Has anybody come across problems with master/slave fluorescent fixtures with electronic ballasts. We have about 400 2x4 fixtures with electronic ballasts the configuration is 2 ballasts in the master one ballast is a 4 lamp ballast serving the two outboard lamps in the master and slave and one 2 lamp ballast serving the inboard lamps in the master and slave, our problem is the outboard lamps are either not coming up to full brightness or not starting all together unless the power is removed from the 4 lamp ballast and then re-energized, kind of like rebooting or resetting.


----------



## DERITM (Apr 8, 2009)

Yes we had exactly this problem with "cow and calf" fixtures a couple of years ago while refitting a school. Three things we learned:
1. Problem usually occurs when using reduced wattage lamps (25w). 
2. Ballast revisions should be heeded. Ballasts of the same part number also have revision letters, A,B,C,D etc. Use the latest revision. Usually these have 750 volts open circuit as opposed to the 600 or so on older revisions.
3.Make sure that the tombstones are jumpered. The 25W lamps do not have a traditional filament and it seems to help to have both sides of the foil electrode connected to supply a good pulse. Also helps with lamp life.
You may also use 28W lamps in these hard starting fixtures and the problem goes away. 
We tore our hair out researching this but eventually got them all working
while learning the tricks. Hope this helps.


----------



## iceman4160 (Jun 25, 2013)

These have 32 watt lamps the lamps and the ballasts are from the same manufacturer, and these are new fixtures f


----------



## MaxH (Mar 12, 2014)

You have to make sure that tombstones are jumpered...Try it yourself otherwise don't take risk in electrical things...better take help...


----------



## iceman4160 (Jun 25, 2013)

MaxH said:


> You have to make sure that tombstones are jumpered...Try it yourself otherwise don't take risk in electrical things...better take help...

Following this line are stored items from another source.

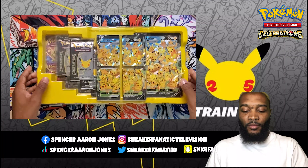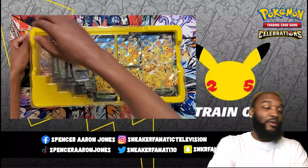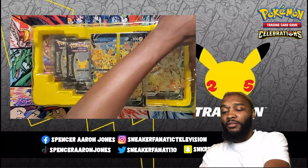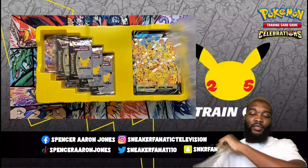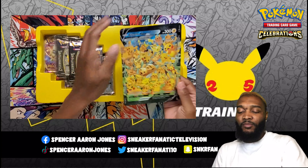I don't know what the Pikachu card does yet. I'm about to read it right now and see if it's playable — well, I mean, it's playable, but I guess to see how good it is. So there's my Pikachu card.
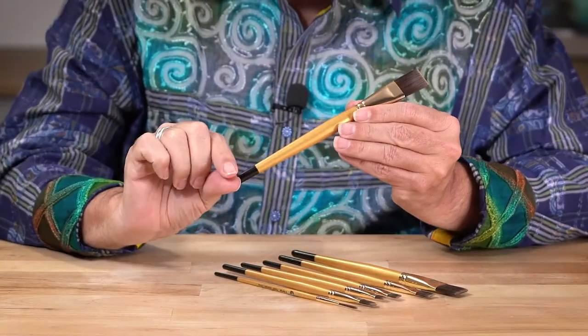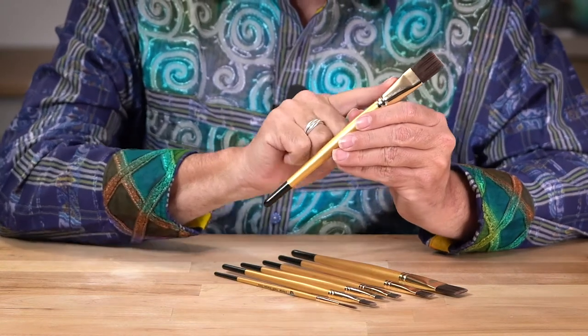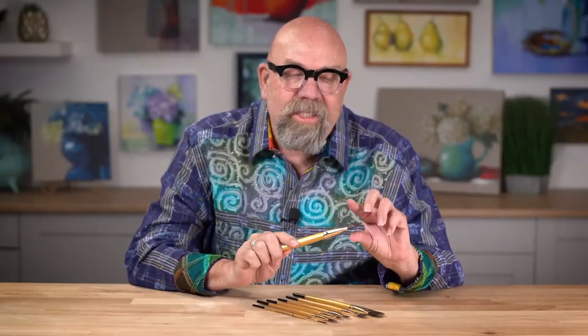These brushes are fantastic. I don't often say that about brushes unless I really believe in them. And I firmly believe in these brushes. They have lacquered hardwood handles, brass-plated nickel ferrules, and a wonderful firm synthetic bristle that's made for everyday use.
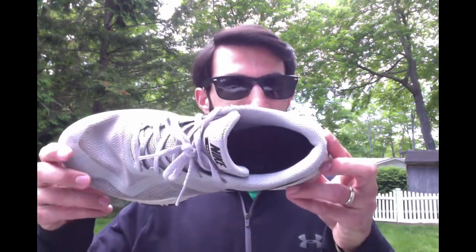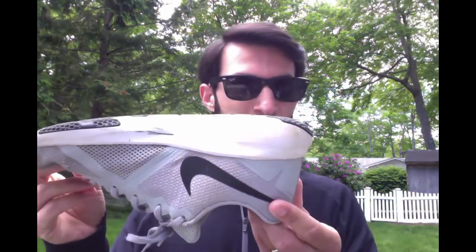If your shoe lands on any of the sides, you earn one point. If your shoe lands right side up, you earn two. And if your shoe lands upside down, you earn three. After you count up your points for that flip, put your shoe back on your toe and flip it again. How many points can you score in one minute?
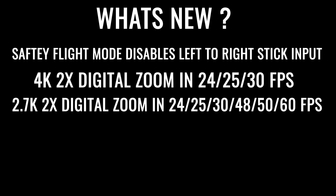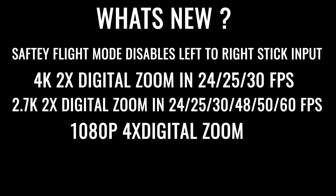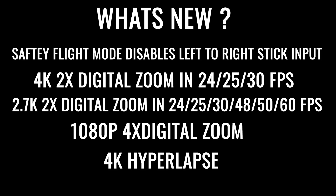You also get four times digital zoom when you're in 1080p. They also added a 4K hyperlapse mode, fixed the FPV mode, along with some bug fixes for when you're flying in sport mode taking photos so you don't accidentally get the props in the shot. I'll have a full breakdown in the show notes below, and there will be a link taking you directly to the PDF from DJI.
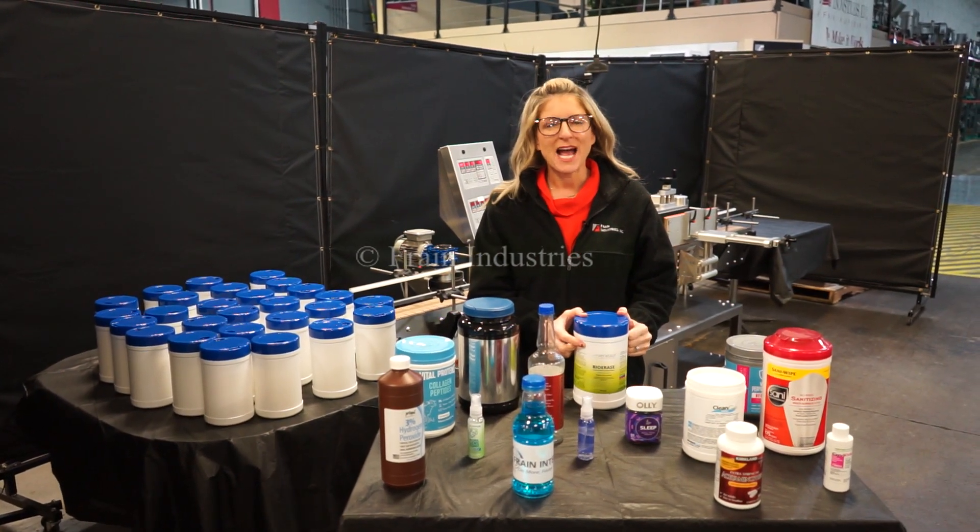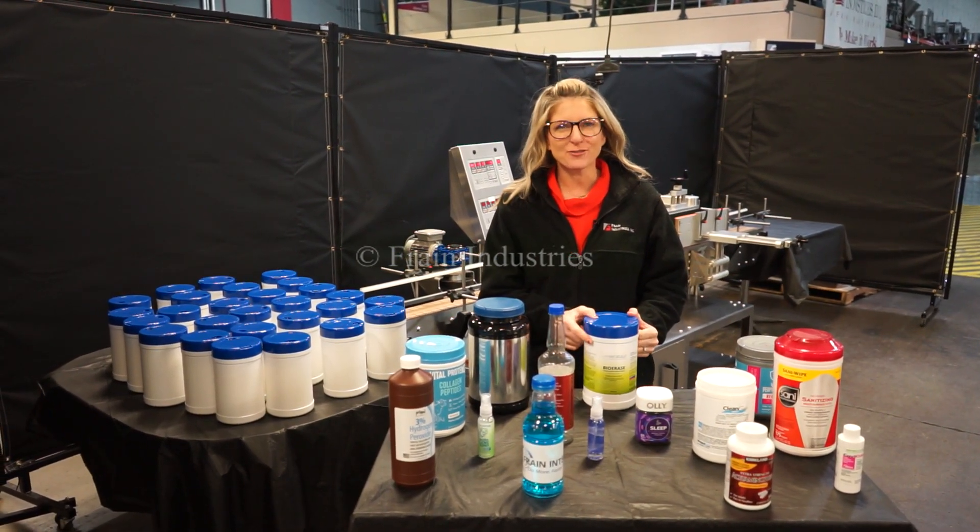Hi, I'm Katie with The Frame Guru. Today we're cycling your Tronix S3S wraparound labeler.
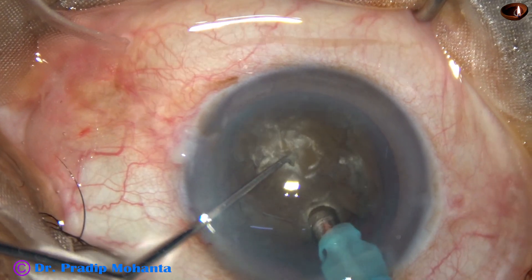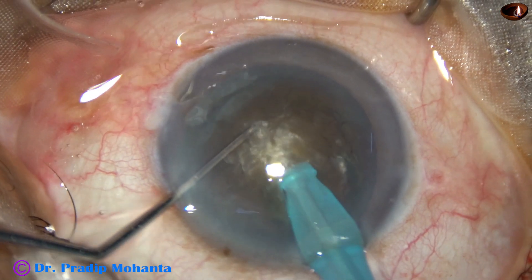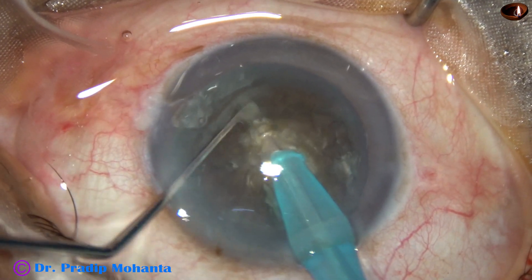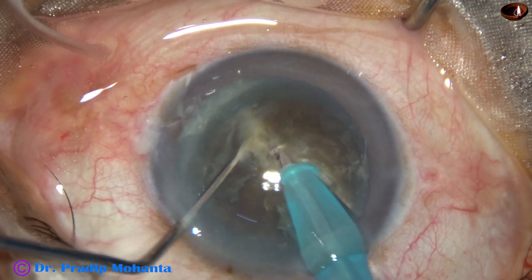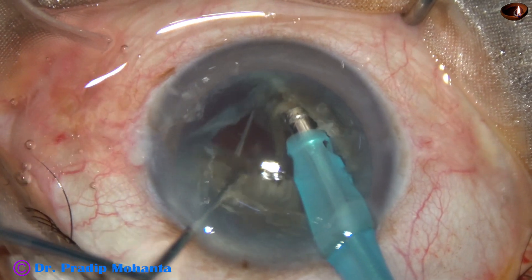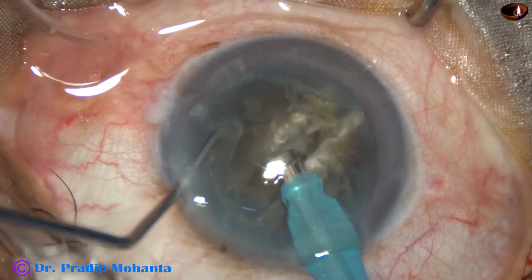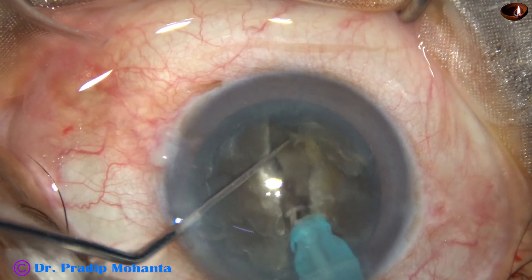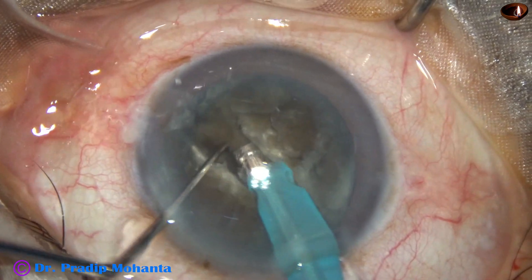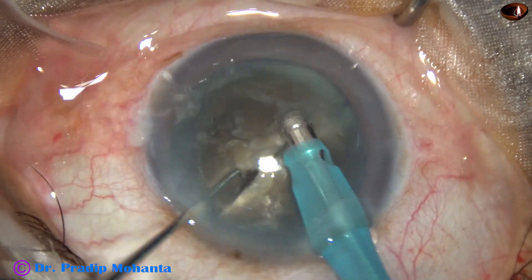The tip goes into the substance of the nucleus, travels through the nucleus towards the opposite equator. As it reaches near the opposite equator, the chopper is used to get a crack and the nucleus is separated. The two hemi-nuclei are separated. After 180 degree rotation, one or two sculpts go to a deeper level and then the two hemi-nuclei are separated completely.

I am an licensed electrician and WTF are tombstones, are you talking about the pin sockets, they are jumpered everything is correct from the factory, it ended up a capacitance was building up in the slave wiring from the factory.


----------



## bml215 (Jul 2, 2012)

What is a master/slave set up?


----------



## iceman4160 (Jun 25, 2013)

bml215 said:


> What is a master/slave set up?


A master/slave configuration is two 3 lamp fluorescent fixtures where the master contains two ballasts , one is a four lamp ballast and the other is a two lamp ballast and the slave has a whip wired from the master controlling the two outside lamps and the inside lamp, this configuration is commonly used in higher end buildings, in this case it is being used in a sporting goods store with about 800 2x4 troffers


----------



## bml215 (Jul 2, 2012)

iceman4160 said:


> A master/slave configuration is two 3 lamp fluorescent fixtures where the master contains two ballasts , one is a four lamp ballast and the other is a two lamp ballast and the slave has a whip wired from the master controlling the two outside lamps and the inside lamp, this configuration is commonly used in higher end buildings, in this case it is being used in a sporting goods store with about 800 2x4 troffers


So the two lamp ballast controls the 2 outter lamps on the slave and the inner of the master, or the two lamp ballast controls all 3 lamps of the slave?


----------



## iceman4160 (Jun 25, 2013)

No, the two lamp ballast controls the inner lamps of the master and slave and the four lamp ballast controls the outer lamps of the master and slave


----------



## bml215 (Jul 2, 2012)

iceman4160 said:


> No, the two lamp ballast controls the inner lamps of the master and slave and the four lamp ballast controls the outer lamps of the master and slave


Gotcha, thanks


----------



## AllWIRES (Apr 10, 2014)

iceman4160 said:


> I am an licensed electrician and WTF are tombstones...


Hmmm


----------